Trojan-Downloader.Win32.Agent.xxzuin malicious file

The Trojan-Downloader.Win32.Agent.xxzuin is considered dangerous by lots of security experts. When this infection is active, you may notice unwanted processes in Task Manager list. In this case, it is adviced to scan your computer with GridinSoft Anti-Malware.

Gridinsoft Anti-Malware

Removing PC viruses manually may take hours and may damage your PC in the process. We recommend using GridinSoft Anti-Malware for virus removal. Allows to complete scan and cure your PC during the trial period.

DOWNLOAD NOW

6-day free trial available.

What Trojan-Downloader.Win32.Agent.xxzuin virus can do?

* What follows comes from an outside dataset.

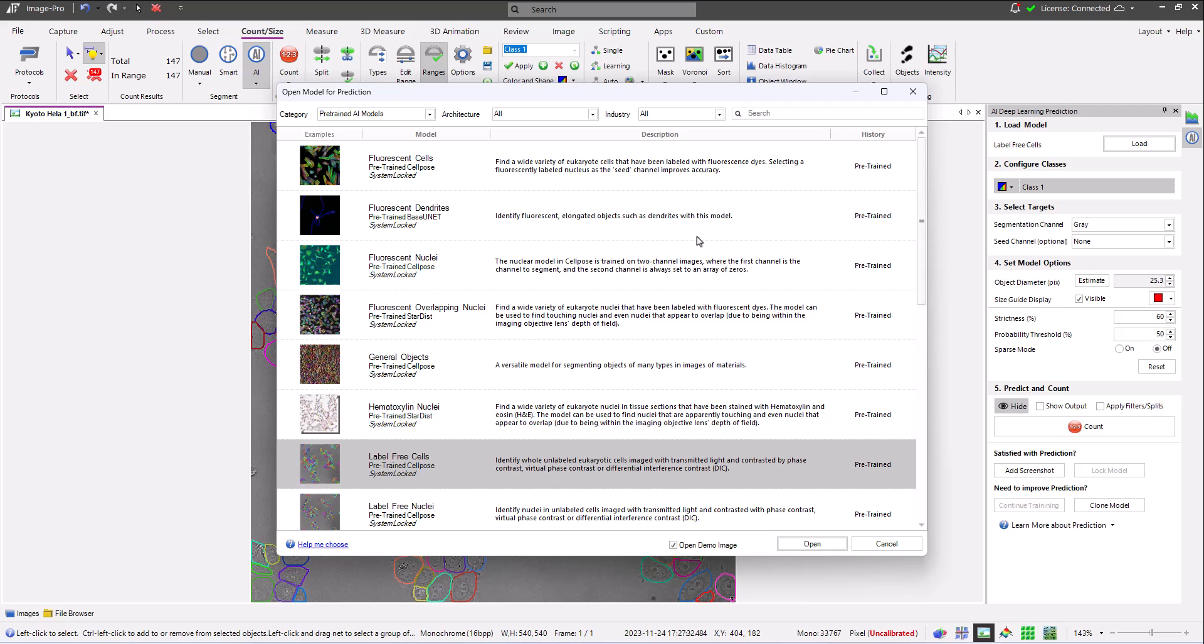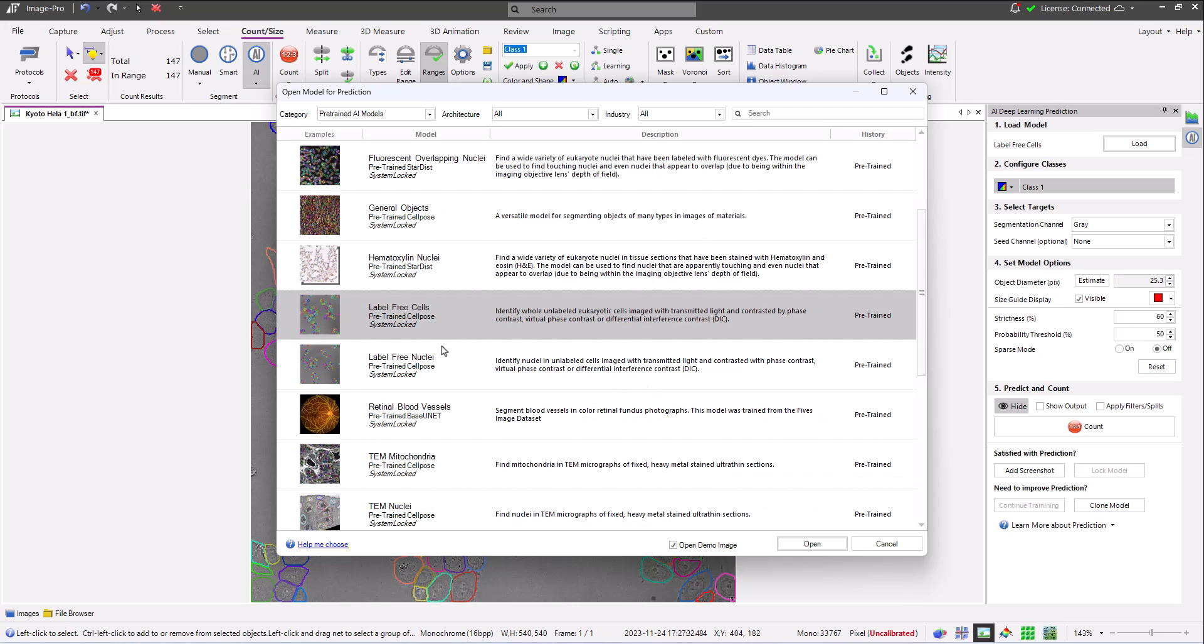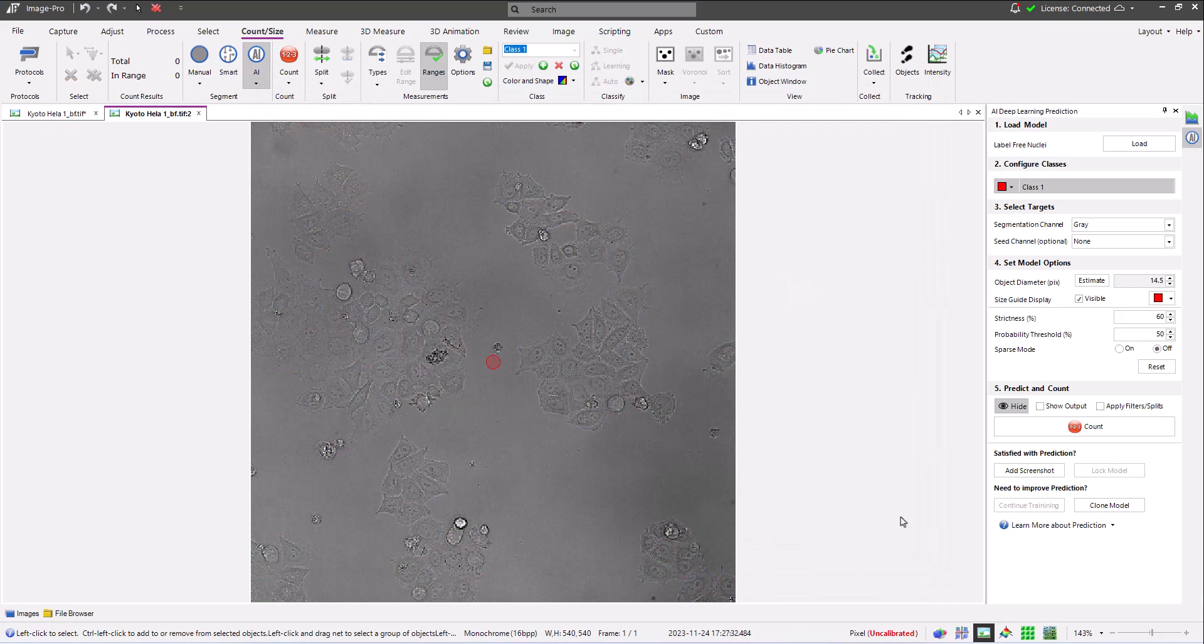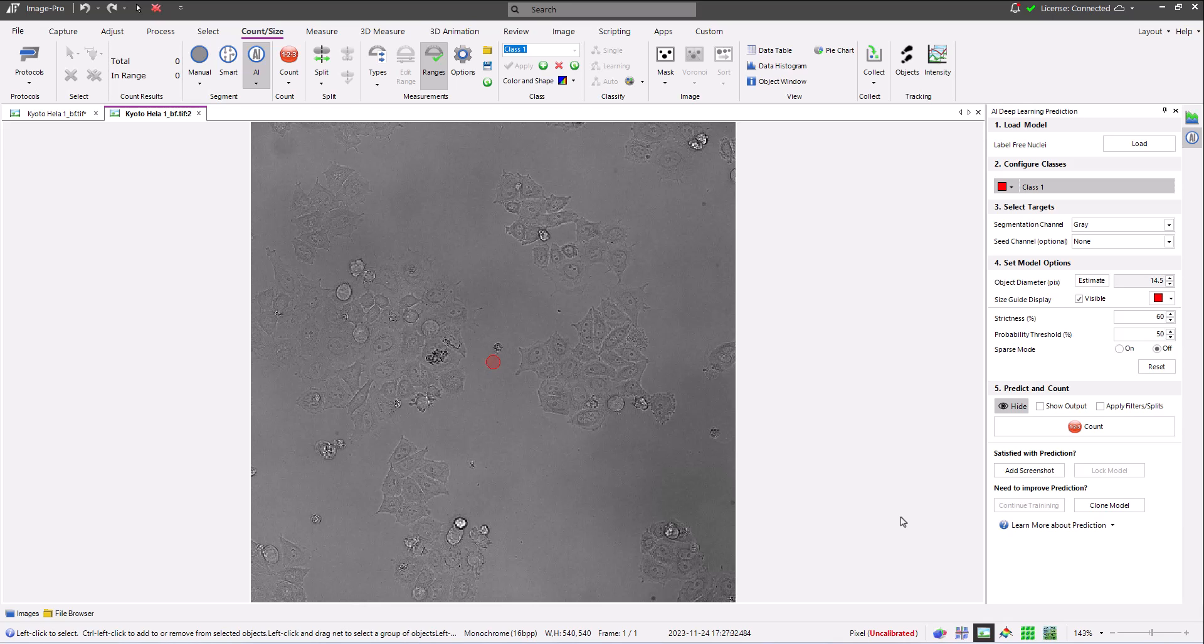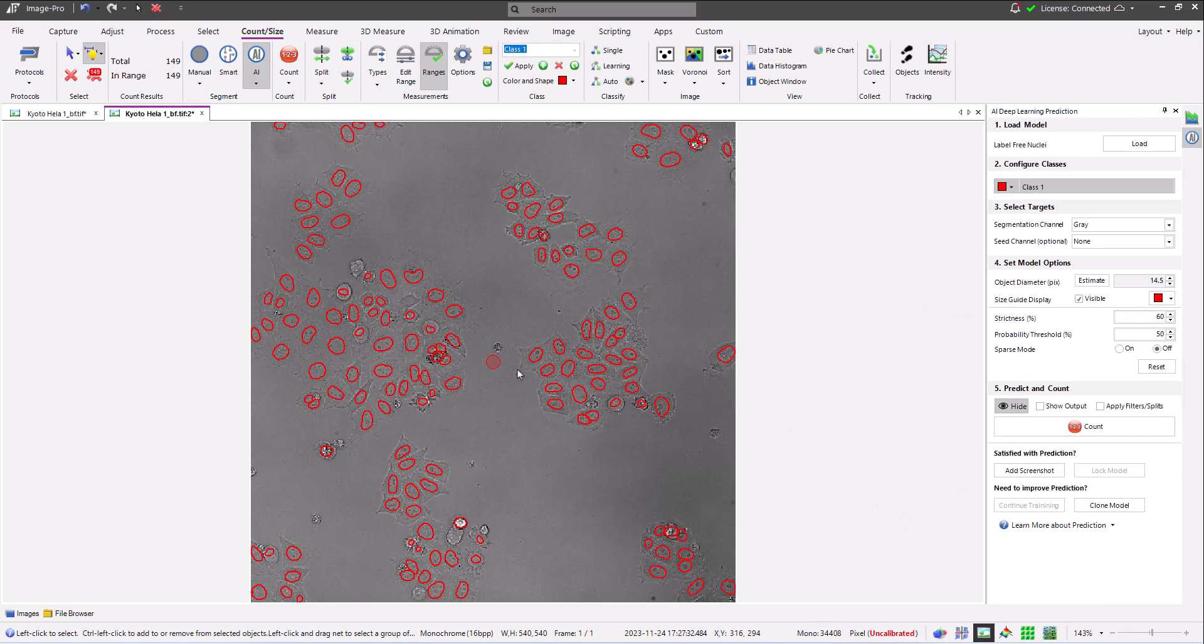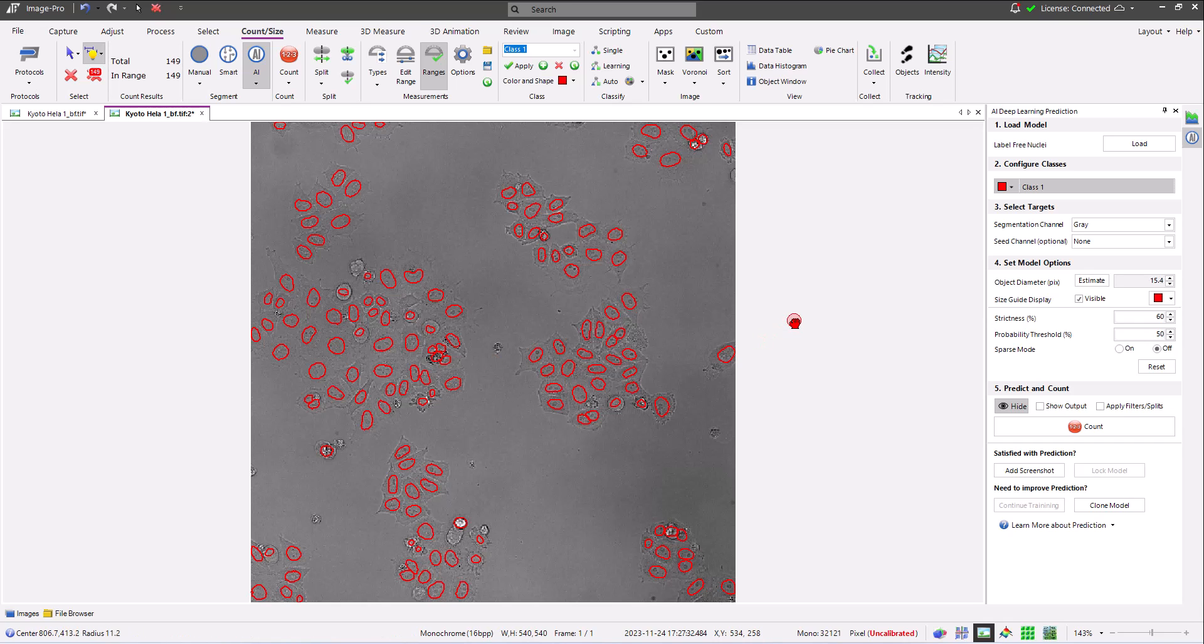Next, let's load the label-free nuclei model. Finding each nucleus in this image is another example of something that initially looks easy, but is in fact very difficult for computers with conventional segmentation methods. This deep learning model does an amazing job of segmenting each nucleus in the image.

• SetUnhandledExceptionFilter detected (possible anti-debug)
• Attempts to connect to a dead IP:Port (1 unique times)
• Scheduled file move on reboot detected
• Executed a command line with /C or /R argument to terminate command shell on completion which can be used to hide execution
• Yara rule detections observed from a process memory dump/dropped files/CAPE
• Possible date expiration check, exits too soon after checking local time
• Creates RWX memory
• Guard pages use detected – possible anti-debugging.
• Dynamic (imported) function loading detected
• CAPE extracted potentially suspicious content
• The binary contains an unknown PE section name indicative of packing
• The binary likely contains encrypted or compressed data.
• The executable is compressed using UPX
• Authenticode signature is invalid
• A scripting utility was executed
• Uses Windows utilities for basic functionality
• Attempts to remove evidence of file being downloaded from the Internet
• Deletes its original binary from disk
• Collects and encrypts information about the computer likely to send to C2 server
• Installs itself for autorun at Windows startup
• Creates a hidden or system file
• Attempts to modify Windows Defender using PowerShell

Related domains:

How to determine Trojan-Downloader.Win32.Agent.xxzuin?

File Info:
name: 66EB53B404B7E18D5EB6.mlw
path: /opt/CAPEv2/storage/binaries/ba154c21d0f1585de8f6389fc1bffad5c6b30edf9492e460002536f1c32e0f68
crc32: E7EE41B3
md5: 66eb53b404b7e18d5eb642eb3dcf82e3
sha1: 65436f5de6d39df0cfd48f258493a2d2a3162923
sha256: ba154c21d0f1585de8f6389fc1bffad5c6b30edf9492e460002536f1c32e0f68
sha512: 6e6ea5411df557a69b8ac28684d546428aef27426527438c97fde8d5d626ff9f65b2f508dad36e0f4fb212b7f87fe0b54eb56c1058ae04454bab3b3e2e4960eb
ssdeep: 49152:ACwvzxjqCsgDPGVQy/XzfZ6XT78Ch9C0JeZPLAcD84/:c1qCDDuVX/XzfZ6XEChzJeW0
type: PE32+ executable (GUI) x86-64, for MS Windows
tlsh: T1048533E6B3536BABF2A4D6FC3963148177B1F076814A894DB301CB43C2A75C90A71F66
sha3_384: 65b10acae82f964b111bd02ff624b2b66cfb40e6a422036aead9d19d9f2c31dd6c746fedebf2f76934f53c1ed3957ed4
ep_bytes: 53565755488d353a4ee4ff488dbedb9f
timestamp: 1970-01-01 00:00:00

Version Info:
0: [No Data]

Trojan-Downloader.Win32.Agent.xxzuin also known as:

How to remove Trojan-Downloader.Win32.Agent.xxzuin?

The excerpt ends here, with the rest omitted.